| AIM OF THE EXERCISE |
State the number of lines in the following material that contain the string "near", and nothing else.

| THE DATA |
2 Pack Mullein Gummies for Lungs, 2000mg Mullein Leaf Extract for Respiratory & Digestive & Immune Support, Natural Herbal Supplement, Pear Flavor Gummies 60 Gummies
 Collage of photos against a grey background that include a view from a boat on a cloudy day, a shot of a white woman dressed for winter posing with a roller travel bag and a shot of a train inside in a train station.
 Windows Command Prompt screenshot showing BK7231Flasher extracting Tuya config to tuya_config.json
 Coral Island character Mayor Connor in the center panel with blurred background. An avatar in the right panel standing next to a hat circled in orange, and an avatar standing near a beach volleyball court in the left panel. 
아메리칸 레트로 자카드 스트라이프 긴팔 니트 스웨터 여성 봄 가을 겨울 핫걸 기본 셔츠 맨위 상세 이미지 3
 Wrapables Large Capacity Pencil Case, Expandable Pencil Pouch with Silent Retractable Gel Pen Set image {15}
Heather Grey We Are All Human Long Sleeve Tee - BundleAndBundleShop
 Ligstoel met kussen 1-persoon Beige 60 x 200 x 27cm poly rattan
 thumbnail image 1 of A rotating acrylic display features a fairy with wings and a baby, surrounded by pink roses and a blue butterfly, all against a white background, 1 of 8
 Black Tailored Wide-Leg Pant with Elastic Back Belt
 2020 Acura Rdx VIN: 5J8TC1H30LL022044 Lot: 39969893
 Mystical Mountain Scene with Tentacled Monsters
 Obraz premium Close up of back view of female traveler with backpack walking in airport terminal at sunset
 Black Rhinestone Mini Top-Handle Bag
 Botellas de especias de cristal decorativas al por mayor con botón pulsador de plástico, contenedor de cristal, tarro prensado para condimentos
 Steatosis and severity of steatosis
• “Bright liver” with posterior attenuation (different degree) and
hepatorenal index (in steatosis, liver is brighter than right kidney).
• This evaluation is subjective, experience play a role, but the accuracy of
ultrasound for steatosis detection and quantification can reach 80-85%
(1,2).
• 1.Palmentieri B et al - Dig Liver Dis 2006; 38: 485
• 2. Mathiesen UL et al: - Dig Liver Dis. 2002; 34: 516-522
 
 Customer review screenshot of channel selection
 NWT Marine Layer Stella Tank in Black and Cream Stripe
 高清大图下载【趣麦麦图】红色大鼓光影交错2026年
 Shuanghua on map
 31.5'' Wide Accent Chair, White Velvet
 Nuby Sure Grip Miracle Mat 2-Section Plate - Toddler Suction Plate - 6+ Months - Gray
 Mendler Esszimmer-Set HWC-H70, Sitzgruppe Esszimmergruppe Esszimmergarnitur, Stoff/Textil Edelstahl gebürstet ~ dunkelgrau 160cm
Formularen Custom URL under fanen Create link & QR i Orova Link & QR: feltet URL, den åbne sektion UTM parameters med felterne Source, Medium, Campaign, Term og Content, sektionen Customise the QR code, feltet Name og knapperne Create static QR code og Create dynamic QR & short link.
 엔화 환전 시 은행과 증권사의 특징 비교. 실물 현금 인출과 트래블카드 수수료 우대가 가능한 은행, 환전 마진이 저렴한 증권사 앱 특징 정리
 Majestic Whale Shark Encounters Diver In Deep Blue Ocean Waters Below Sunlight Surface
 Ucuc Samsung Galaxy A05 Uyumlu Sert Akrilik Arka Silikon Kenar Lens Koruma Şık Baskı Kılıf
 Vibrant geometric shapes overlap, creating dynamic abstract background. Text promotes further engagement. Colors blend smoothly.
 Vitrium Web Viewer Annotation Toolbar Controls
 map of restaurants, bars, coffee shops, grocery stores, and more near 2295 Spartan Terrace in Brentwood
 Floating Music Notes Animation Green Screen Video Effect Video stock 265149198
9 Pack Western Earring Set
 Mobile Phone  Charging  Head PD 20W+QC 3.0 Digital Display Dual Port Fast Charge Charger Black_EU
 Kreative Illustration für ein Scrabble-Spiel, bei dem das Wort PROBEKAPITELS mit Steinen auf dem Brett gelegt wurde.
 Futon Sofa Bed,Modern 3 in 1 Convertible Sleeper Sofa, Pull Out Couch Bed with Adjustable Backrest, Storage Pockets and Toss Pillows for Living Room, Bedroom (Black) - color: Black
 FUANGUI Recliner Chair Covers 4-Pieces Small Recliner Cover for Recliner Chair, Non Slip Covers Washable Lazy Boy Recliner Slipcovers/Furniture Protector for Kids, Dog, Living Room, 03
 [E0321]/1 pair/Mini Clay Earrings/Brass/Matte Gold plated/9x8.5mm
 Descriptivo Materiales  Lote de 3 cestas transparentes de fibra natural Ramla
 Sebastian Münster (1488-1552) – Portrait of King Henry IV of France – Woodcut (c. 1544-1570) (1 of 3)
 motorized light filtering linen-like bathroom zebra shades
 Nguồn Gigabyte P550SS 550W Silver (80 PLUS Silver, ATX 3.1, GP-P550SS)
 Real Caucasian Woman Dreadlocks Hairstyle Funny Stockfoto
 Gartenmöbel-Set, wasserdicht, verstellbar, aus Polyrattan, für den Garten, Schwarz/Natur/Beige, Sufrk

| FINISHED EXERCISE |
2